Top of Provided records

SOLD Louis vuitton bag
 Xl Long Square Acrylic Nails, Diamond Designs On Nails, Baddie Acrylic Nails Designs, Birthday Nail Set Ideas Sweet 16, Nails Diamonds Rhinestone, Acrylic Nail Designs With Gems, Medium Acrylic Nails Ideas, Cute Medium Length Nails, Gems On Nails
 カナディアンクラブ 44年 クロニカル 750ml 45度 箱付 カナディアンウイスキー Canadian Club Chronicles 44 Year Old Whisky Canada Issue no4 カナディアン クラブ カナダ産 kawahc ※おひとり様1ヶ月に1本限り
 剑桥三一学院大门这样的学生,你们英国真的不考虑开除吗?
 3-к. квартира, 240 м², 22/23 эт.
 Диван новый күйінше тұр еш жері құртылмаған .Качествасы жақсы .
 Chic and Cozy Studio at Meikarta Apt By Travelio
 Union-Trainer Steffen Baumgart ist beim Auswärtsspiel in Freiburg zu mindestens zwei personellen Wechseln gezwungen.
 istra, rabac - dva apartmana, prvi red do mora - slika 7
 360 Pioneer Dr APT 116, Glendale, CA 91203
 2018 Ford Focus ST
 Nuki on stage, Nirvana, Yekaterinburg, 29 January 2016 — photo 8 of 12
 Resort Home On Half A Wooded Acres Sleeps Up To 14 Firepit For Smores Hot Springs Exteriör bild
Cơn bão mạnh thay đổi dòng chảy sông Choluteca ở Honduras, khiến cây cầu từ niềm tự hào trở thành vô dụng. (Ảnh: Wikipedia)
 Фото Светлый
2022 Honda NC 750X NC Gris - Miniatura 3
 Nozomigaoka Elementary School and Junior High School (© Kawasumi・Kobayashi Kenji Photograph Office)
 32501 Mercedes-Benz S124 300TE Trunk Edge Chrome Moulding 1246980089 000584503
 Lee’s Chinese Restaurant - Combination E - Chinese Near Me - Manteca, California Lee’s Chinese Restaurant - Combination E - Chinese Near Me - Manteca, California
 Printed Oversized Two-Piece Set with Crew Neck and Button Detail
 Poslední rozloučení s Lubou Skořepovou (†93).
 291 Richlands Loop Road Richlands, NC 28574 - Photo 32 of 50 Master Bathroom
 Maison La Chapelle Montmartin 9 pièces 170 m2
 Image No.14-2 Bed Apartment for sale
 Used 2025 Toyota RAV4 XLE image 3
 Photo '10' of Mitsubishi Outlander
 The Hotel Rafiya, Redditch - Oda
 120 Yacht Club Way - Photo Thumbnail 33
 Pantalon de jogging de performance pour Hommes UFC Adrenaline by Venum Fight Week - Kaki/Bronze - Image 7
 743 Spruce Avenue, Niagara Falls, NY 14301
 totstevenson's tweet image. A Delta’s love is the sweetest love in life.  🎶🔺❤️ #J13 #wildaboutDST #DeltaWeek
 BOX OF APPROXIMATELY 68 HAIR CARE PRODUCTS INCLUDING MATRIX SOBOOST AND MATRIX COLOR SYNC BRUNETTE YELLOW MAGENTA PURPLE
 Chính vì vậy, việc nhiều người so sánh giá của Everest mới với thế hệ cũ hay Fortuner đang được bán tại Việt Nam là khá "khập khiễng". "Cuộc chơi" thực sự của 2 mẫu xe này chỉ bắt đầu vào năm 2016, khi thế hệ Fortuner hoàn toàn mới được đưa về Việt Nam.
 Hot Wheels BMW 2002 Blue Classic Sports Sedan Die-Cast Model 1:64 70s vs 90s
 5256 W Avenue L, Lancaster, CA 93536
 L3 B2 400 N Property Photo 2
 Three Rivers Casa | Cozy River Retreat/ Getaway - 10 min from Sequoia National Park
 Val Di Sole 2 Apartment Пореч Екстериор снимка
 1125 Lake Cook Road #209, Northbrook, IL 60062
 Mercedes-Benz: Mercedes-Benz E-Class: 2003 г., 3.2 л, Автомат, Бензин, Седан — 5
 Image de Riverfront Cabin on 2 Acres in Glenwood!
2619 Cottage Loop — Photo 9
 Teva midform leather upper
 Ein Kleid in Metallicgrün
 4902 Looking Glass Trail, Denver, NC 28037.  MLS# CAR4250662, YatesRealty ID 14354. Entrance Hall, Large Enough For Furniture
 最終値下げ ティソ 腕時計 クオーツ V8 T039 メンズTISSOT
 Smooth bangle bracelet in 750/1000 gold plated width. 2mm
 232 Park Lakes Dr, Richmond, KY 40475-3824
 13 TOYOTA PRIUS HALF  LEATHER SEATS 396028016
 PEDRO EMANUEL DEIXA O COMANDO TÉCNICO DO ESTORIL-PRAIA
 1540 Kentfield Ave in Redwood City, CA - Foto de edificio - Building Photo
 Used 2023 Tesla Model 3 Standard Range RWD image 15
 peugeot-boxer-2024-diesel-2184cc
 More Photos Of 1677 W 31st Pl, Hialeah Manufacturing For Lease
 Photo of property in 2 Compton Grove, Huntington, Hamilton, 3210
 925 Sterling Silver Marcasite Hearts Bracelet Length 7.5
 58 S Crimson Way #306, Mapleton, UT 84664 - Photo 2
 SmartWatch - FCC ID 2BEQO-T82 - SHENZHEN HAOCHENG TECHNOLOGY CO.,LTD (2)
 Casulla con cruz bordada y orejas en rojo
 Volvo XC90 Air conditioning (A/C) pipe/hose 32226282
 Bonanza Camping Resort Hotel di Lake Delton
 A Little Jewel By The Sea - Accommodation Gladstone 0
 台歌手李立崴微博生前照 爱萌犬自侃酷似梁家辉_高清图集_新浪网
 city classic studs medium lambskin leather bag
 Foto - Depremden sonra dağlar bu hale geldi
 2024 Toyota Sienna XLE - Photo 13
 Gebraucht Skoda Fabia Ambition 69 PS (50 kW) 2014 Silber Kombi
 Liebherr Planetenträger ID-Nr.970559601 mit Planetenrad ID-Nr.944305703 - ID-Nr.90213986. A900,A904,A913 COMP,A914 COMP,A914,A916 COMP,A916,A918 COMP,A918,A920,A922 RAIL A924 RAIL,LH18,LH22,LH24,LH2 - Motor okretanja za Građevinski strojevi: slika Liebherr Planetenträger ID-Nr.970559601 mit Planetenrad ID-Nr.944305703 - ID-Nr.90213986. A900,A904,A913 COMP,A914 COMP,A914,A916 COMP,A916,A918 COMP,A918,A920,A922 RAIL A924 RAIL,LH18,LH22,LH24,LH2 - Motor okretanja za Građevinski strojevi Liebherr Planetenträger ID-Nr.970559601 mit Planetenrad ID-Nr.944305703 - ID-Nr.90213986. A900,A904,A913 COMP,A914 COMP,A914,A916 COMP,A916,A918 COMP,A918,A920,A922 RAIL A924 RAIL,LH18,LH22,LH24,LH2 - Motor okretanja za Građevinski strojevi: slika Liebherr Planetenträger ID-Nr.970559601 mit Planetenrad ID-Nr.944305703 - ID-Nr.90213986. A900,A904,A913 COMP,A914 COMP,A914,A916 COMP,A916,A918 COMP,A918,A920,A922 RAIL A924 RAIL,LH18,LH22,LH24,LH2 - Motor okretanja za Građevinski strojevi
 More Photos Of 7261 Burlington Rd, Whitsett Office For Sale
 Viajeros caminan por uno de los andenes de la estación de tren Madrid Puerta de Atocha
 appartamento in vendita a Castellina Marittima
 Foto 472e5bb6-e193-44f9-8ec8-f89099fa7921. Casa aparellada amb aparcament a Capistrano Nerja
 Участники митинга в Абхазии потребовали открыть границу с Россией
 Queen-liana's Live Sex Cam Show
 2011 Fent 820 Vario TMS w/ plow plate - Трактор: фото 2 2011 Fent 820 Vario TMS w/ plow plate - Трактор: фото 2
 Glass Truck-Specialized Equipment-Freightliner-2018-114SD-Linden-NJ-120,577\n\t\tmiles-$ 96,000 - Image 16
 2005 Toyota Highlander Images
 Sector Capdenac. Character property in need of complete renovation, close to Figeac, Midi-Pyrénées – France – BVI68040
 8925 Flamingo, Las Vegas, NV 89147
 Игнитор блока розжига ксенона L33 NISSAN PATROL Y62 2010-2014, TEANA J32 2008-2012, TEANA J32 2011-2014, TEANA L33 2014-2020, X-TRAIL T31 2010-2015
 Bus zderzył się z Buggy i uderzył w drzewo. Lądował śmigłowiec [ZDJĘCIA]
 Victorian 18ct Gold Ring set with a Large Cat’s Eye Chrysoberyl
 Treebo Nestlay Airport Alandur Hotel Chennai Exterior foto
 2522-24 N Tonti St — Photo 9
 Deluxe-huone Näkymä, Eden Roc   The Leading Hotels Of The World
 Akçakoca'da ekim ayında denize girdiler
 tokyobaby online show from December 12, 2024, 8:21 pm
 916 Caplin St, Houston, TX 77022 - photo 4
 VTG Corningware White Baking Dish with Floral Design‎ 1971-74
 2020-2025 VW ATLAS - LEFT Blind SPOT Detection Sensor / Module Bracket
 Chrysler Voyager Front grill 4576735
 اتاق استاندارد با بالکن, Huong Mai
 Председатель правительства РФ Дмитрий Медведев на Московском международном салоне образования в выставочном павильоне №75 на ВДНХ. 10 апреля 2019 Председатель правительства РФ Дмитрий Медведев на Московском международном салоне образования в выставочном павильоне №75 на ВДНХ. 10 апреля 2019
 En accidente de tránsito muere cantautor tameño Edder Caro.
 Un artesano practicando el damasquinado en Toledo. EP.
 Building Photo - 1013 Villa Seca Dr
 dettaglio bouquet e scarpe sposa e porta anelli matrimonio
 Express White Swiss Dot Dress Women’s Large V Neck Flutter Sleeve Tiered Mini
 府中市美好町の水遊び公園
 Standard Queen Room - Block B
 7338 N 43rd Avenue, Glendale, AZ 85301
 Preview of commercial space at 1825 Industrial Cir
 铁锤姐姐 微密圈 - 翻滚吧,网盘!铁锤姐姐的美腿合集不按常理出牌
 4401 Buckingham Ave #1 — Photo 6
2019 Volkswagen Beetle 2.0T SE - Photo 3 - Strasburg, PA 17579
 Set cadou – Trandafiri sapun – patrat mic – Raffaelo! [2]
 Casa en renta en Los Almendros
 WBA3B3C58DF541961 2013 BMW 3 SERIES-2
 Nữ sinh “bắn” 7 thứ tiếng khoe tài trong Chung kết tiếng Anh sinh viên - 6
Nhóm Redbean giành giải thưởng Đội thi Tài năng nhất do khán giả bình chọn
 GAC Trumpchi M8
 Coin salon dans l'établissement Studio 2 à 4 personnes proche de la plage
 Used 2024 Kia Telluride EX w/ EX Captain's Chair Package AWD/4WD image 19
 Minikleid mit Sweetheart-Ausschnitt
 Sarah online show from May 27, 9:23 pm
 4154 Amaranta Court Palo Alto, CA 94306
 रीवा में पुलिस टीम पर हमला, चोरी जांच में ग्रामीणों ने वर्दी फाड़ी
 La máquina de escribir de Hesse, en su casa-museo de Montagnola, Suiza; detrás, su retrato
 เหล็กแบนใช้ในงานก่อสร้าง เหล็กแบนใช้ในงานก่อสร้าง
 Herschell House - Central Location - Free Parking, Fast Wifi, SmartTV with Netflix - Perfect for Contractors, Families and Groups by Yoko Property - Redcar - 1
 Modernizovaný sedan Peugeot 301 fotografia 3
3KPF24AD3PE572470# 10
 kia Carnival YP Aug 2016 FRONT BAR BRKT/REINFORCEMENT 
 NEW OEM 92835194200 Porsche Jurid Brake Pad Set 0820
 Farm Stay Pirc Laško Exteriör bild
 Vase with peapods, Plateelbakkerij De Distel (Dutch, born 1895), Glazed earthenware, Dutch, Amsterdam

Bottom of Provided records

Using the records above, list each line that includes "Mercedes".

 32501 Mercedes-Benz S124 300TE Trunk Edge Chrome Moulding 1246980089 000584503
 Mercedes-Benz: Mercedes-Benz E-Class: 2003 г., 3.2 л, Автомат, Бензин, Седан — 5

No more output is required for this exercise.